Power BI is one of those solutions. Using this tutorial, you can try it for yourself under the condition that you have Power BI Premium capacity.

Source: https://docs.microsoft.com/en-us/power-bi/desktop-ai-insights

The Experiment

Setup

As I was curious about the performance of Power BI’s sentiment analysis, I came up with a very basic experiment to test it, which was to compare the sentiment analysis from comments with the actual rating the author gave. I went looking for a dataset of product reviews containing both a review as a string as a numerical rating.

The idea was to make Power BI generate a rating on the review the author wrote and compare it with the actual score given by the user. My hypothesis was that the user’s score reflects the actual sentiment of the comment that he or she wrote.

Methodology

There are many ways to evaluate the performance of AI models. The methods vary greatly on the type of data and interpretation you would like to obtain. For this test, I opted for root mean squared error or simply RMSE.

The RMSE is often used to test the performance of quantitative predictions. It basically comes down to a model that analyses the error for each observation. By squaring the difference, larger errors will receive a larger penalization. For interpretation, a lower RMSE indicates better performance of the model.

Extra Angle

In order to get a more complete picture, I decided to add another benchmark using Python. The Python VADER library is, just like the Power BI feature, an off-the-shelf sentiment analysis. By off-the-shelf, I mean it does not require any configuration nor training.

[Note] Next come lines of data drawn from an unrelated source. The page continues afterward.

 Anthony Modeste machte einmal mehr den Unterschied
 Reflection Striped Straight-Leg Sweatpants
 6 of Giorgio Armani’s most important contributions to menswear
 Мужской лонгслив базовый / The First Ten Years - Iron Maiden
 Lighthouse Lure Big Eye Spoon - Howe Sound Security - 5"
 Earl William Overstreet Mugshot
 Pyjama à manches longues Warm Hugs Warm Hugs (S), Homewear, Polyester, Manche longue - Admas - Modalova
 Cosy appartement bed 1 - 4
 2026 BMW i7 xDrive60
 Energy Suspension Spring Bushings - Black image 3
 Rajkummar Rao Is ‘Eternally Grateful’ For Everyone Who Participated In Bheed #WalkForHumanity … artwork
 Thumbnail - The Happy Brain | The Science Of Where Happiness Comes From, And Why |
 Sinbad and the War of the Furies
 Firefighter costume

The VADER library is very simple and only requires a couple of lines:

from vaderSentiment.vaderSentiment import SentimentIntensityAnalyzeranalyser = SentimentIntensityAnalyzer()def print_sentiment_scores(sentence):
snt = analyser.polarity_scores(sentence)
return (snt[‘compound’])

The library takes a string as input and returns 4 numeric values;

  • Negative score
  • Neutral score
  • Positive score
  • Compound score

For this test, I only used the compound score, as it is the most similar to the Power BI score.

Aside from the Python model, I also added an extra column to the data that generates a random score. It is simply a random number generator that will randomly pick a value between 0 and 5. Adding random digits can simplify interpretation of metrics like RMSE.

The Data

Even though there are great search engines like Google Dataset Search I still mostly use Kaggle to find the dataset that fits my project needs. For this project I need a dataset that contains both a written review (in English) as well as a numerical score. A simple search for the keyword “product review” gave me a dataset with Amazon reviews for headphones.

The data looks like this:

Shape: (14337, 4)

I imported the file in Power BI and ran the sentiment analysis. If you want to run the sentiment analysis yourself, you can find a guide here. After making Power BI add the sentiment score column, I ran a Jupyter Notebook to do the performance test.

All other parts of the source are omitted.